Create a social enterprise model that establishes well-paid baking careers for immigrant women while preserving their traditional baking practices.
Despite the fact that the majority of immigrants to the U.S. are women, their prospects for well-paid careers are worse than those of men. Limited by domestic responsibilities, less education, lack of language skills, acculturation difficulties, and social isolation, women are at great risk of exploitative work, further perpetuating the vicious cycle of poverty. Hot Bread Kitchen captures lost human capital by bringing women’s traditional bread recipes to market, which builds recognition of the contribution of immigrant communities. Paid training in baking, access to a diverse professional and social network, and a flexible schedule allow women to develop careers that work for them.
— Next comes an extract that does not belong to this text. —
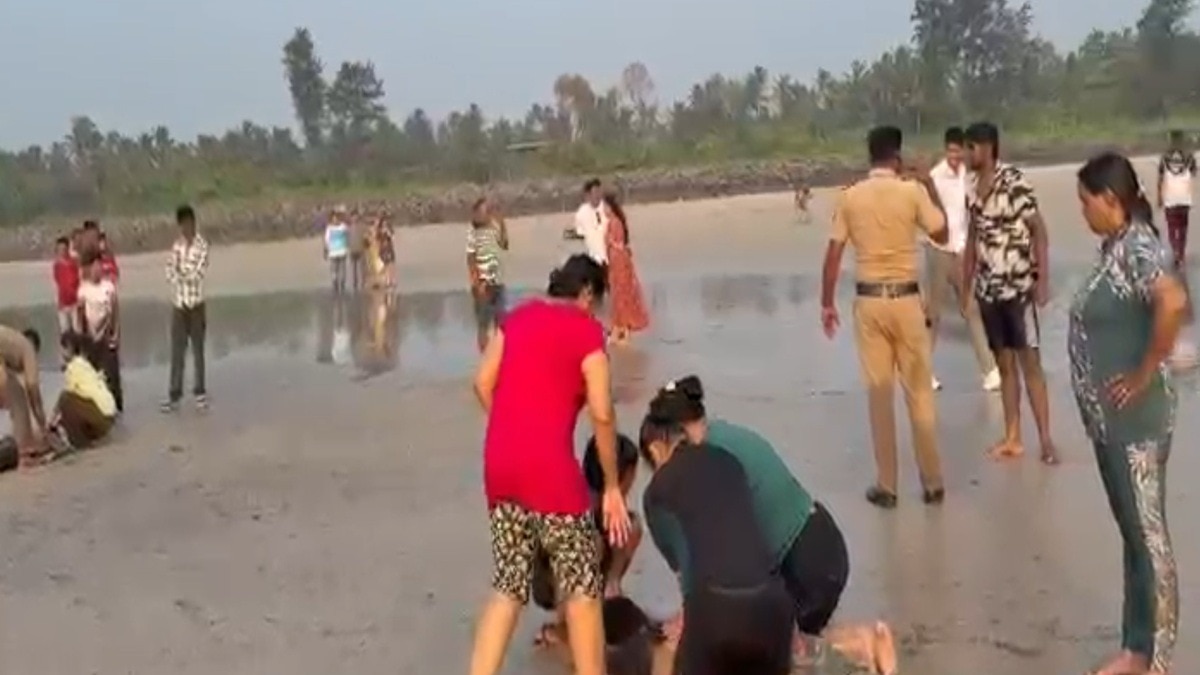 Eight students drown during school outing at Maharashtra beach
After six months of training, including English and computer studies, the women are empowered to launch their own enterprises, find jobs in the thriving commercial baking industry, or, at this stage of rapid growth, remain in management roles with Hot Bread Kitchen.
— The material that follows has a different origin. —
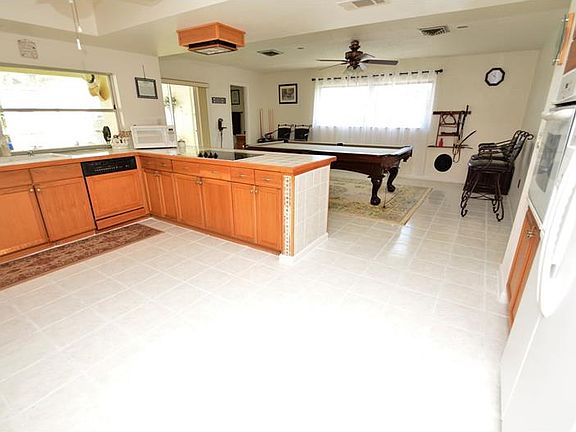 4th image of 1003 Betsy Ct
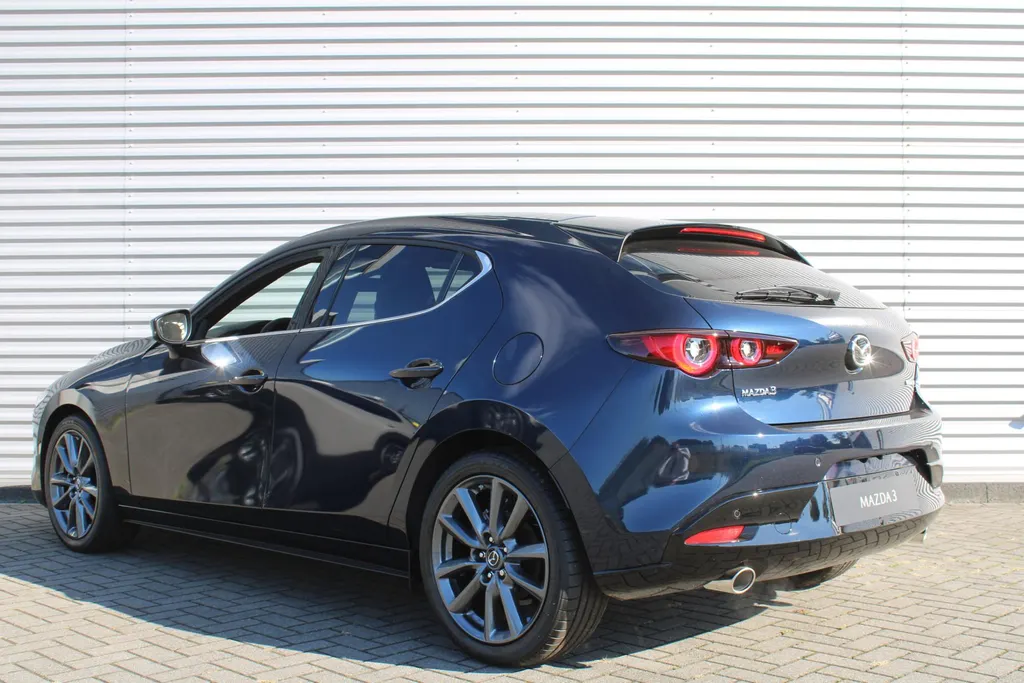 Mazda 3 2.0 e-SkyActiv-G 122PK 6MT Exclusive-line | Leder | Bose Audio | 360° Camera | Elek. stoelverstelling | Keyless | Heads up Display |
Jessamyn Waldman Rodriguez is an entrepreneur and leader in the social enterprise movement.
Before launching Hot Bread Kitchen, Jessamyn focused on human rights, education and immigration issues in positions at NGOs, the government and the United Nations. After receiving her Master Baker Certificate from the New School and becoming the first female baker at Daniel Boulud’s eponymous restaurant, she launched Hot Bread from her home kitchen in 2007.
Jessamyn has received numerous awards and accolades, including the Global Citizen Award from the Clinton Global Initiative and Crain’s New York’s “40 Under 40.” She was named a 2016 Women of Influence by NY Business Journal and one of 2015’s “Most Innovative Women in Food” by Food & Wine and Fortune magazines.
Jessamyn is the author of The Hot Bread Kitchen Cookbook, published by Clarkson Potter and named Yahoo Food’s Best Cookbook of the Year in 2015.